Exercise details —
Quote exactly, and only, the lines of the material below from the line with "Hey everyone, welcome" through the line with "In 1936, the".

Data shown —
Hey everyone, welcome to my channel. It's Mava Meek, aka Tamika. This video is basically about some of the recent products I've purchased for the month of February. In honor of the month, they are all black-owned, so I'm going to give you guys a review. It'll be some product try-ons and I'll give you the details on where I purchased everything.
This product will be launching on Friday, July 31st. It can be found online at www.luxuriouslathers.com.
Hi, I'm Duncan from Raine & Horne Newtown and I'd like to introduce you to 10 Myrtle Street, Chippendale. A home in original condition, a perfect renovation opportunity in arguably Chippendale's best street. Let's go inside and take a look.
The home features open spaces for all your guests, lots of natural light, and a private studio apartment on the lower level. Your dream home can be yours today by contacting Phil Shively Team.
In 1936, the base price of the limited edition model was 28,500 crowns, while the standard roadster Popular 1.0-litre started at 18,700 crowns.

* * *

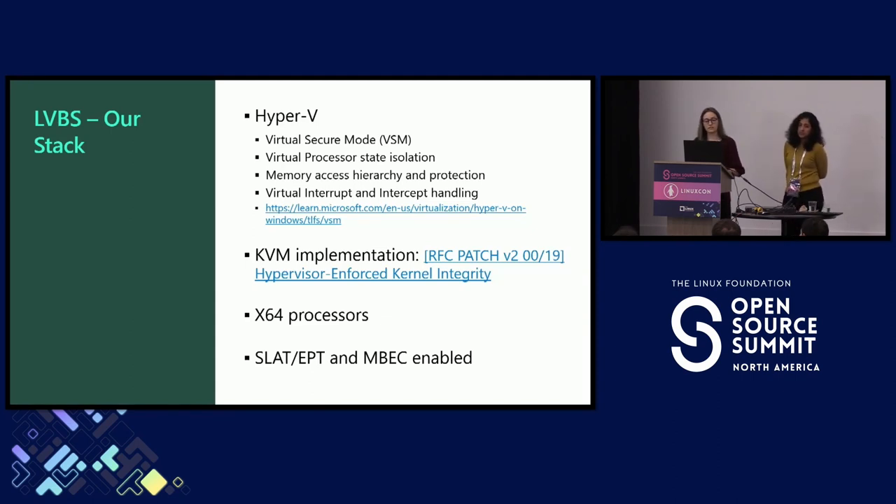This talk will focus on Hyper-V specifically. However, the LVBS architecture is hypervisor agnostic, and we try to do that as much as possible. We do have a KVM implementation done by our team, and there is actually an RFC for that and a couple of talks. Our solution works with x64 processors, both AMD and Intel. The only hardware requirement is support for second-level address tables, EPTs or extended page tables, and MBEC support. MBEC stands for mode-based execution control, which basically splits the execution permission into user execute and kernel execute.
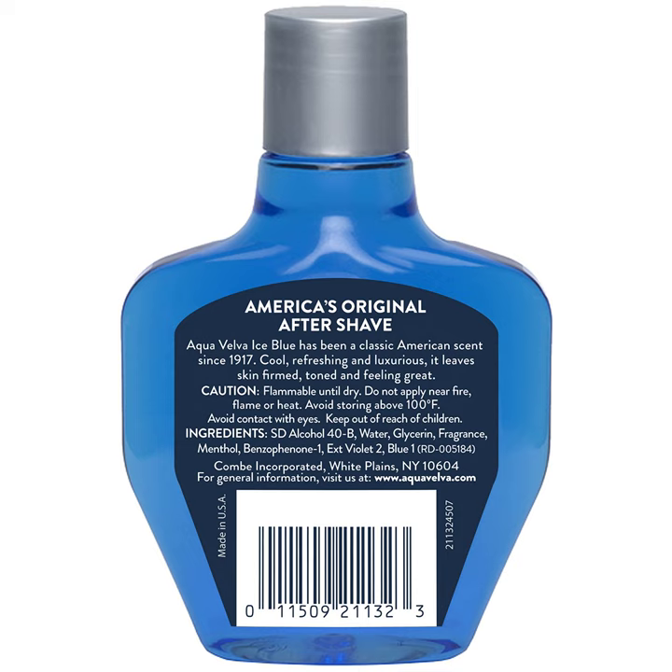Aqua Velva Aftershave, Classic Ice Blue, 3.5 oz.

Your response —
Hey everyone, welcome to my channel. It's Mava Meek, aka Tamika. This video is basically about some of the recent products I've purchased for the month of February. In honor of the month, they are all black-owned, so I'm going to give you guys a review. It'll be some product try-ons and I'll give you the details on where I purchased everything.
This product will be launching on Friday, July 31st. It can be found online at www.luxuriouslathers.com.
Hi, I'm Duncan from Raine & Horne Newtown and I'd like to introduce you to 10 Myrtle Street, Chippendale. A home in original condition, a perfect renovation opportunity in arguably Chippendale's best street. Let's go inside and take a look.
The home features open spaces for all your guests, lots of natural light, and a private studio apartment on the lower level. Your dream home can be yours today by contacting Phil Shively Team.
In 1936, the base price of the limited edition model was 28,500 crowns, while the standard roadster Popular 1.0-litre started at 18,700 crowns.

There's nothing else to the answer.